[SOURCE MATERIAL]
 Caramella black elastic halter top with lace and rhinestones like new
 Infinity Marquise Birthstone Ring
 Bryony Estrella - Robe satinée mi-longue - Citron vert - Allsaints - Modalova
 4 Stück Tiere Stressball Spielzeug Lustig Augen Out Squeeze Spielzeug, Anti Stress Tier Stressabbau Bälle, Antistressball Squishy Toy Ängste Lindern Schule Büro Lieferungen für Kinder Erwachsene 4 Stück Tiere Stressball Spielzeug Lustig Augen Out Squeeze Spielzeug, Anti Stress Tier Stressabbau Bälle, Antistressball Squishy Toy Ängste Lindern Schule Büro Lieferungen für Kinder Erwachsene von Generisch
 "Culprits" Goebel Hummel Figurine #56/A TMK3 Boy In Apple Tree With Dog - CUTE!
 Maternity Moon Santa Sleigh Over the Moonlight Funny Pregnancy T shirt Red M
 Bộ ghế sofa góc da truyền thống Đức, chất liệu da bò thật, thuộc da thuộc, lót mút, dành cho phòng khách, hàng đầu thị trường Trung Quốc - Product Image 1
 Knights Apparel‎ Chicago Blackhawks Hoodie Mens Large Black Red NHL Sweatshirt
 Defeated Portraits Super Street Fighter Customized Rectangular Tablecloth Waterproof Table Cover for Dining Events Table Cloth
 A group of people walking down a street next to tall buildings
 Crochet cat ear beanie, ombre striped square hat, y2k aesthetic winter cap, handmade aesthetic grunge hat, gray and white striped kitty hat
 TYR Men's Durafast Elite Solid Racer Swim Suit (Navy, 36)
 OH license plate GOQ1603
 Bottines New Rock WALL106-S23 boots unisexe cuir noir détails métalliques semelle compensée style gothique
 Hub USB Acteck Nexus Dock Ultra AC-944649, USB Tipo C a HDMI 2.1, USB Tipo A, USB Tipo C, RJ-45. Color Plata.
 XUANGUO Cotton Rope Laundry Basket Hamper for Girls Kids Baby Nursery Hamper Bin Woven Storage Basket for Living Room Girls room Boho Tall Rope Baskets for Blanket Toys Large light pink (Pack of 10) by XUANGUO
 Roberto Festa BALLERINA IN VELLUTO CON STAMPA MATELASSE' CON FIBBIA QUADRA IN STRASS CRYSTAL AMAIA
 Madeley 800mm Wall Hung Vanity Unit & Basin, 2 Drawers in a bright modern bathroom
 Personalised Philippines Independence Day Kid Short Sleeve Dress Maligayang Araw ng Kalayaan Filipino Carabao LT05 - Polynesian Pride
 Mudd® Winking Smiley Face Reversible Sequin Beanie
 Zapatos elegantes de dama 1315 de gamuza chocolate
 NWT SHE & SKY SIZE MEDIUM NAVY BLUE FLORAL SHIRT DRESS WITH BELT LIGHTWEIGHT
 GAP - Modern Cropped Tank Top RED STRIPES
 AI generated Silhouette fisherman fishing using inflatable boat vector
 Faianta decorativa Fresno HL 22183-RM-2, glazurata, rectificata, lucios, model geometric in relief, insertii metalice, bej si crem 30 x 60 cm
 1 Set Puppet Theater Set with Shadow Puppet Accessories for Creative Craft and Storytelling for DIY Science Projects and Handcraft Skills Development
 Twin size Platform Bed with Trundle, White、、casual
[/SOURCE MATERIAL]
◆ REQUIRED ACTION
In the answer, each entry from the listing must be transcribed exactly.

◆ RESPONSE FOR THIS EXERCISE
 Caramella black elastic halter top with lace and rhinestones like new
 Infinity Marquise Birthstone Ring
 Bryony Estrella - Robe satinée mi-longue - Citron vert - Allsaints - Modalova
 4 Stück Tiere Stressball Spielzeug Lustig Augen Out Squeeze Spielzeug, Anti Stress Tier Stressabbau Bälle, Antistressball Squishy Toy Ängste Lindern Schule Büro Lieferungen für Kinder Erwachsene 4 Stück Tiere Stressball Spielzeug Lustig Augen Out Squeeze Spielzeug, Anti Stress Tier Stressabbau Bälle, Antistressball Squishy Toy Ängste Lindern Schule Büro Lieferungen für Kinder Erwachsene von Generisch
 "Culprits" Goebel Hummel Figurine #56/A TMK3 Boy In Apple Tree With Dog - CUTE!
 Maternity Moon Santa Sleigh Over the Moonlight Funny Pregnancy T shirt Red M
 Bộ ghế sofa góc da truyền thống Đức, chất liệu da bò thật, thuộc da thuộc, lót mút, dành cho phòng khách, hàng đầu thị trường Trung Quốc - Product Image 1
 Knights Apparel‎ Chicago Blackhawks Hoodie Mens Large Black Red NHL Sweatshirt
 Defeated Portraits Super Street Fighter Customized Rectangular Tablecloth Waterproof Table Cover for Dining Events Table Cloth
 A group of people walking down a street next to tall buildings
 Crochet cat ear beanie, ombre striped square hat, y2k aesthetic winter cap, handmade aesthetic grunge hat, gray and white striped kitty hat
 TYR Men's Durafast Elite Solid Racer Swim Suit (Navy, 36)
 OH license plate GOQ1603
 Bottines New Rock WALL106-S23 boots unisexe cuir noir détails métalliques semelle compensée style gothique
 Hub USB Acteck Nexus Dock Ultra AC-944649, USB Tipo C a HDMI 2.1, USB Tipo A, USB Tipo C, RJ-45. Color Plata.
 XUANGUO Cotton Rope Laundry Basket Hamper for Girls Kids Baby Nursery Hamper Bin Woven Storage Basket for Living Room Girls room Boho Tall Rope Baskets for Blanket Toys Large light pink (Pack of 10) by XUANGUO
 Roberto Festa BALLERINA IN VELLUTO CON STAMPA MATELASSE' CON FIBBIA QUADRA IN STRASS CRYSTAL AMAIA
 Madeley 800mm Wall Hung Vanity Unit & Basin, 2 Drawers in a bright modern bathroom
 Personalised Philippines Independence Day Kid Short Sleeve Dress Maligayang Araw ng Kalayaan Filipino Carabao LT05 - Polynesian Pride
 Mudd® Winking Smiley Face Reversible Sequin Beanie
 Zapatos elegantes de dama 1315 de gamuza chocolate
 NWT SHE & SKY SIZE MEDIUM NAVY BLUE FLORAL SHIRT DRESS WITH BELT LIGHTWEIGHT
 GAP - Modern Cropped Tank Top RED STRIPES
 AI generated Silhouette fisherman fishing using inflatable boat vector
 Faianta decorativa Fresno HL 22183-RM-2, glazurata, rectificata, lucios, model geometric in relief, insertii metalice, bej si crem 30 x 60 cm
 1 Set Puppet Theater Set with Shadow Puppet Accessories for Creative Craft and Storytelling for DIY Science Projects and Handcraft Skills Development
 Twin size Platform Bed with Trundle, White、、casual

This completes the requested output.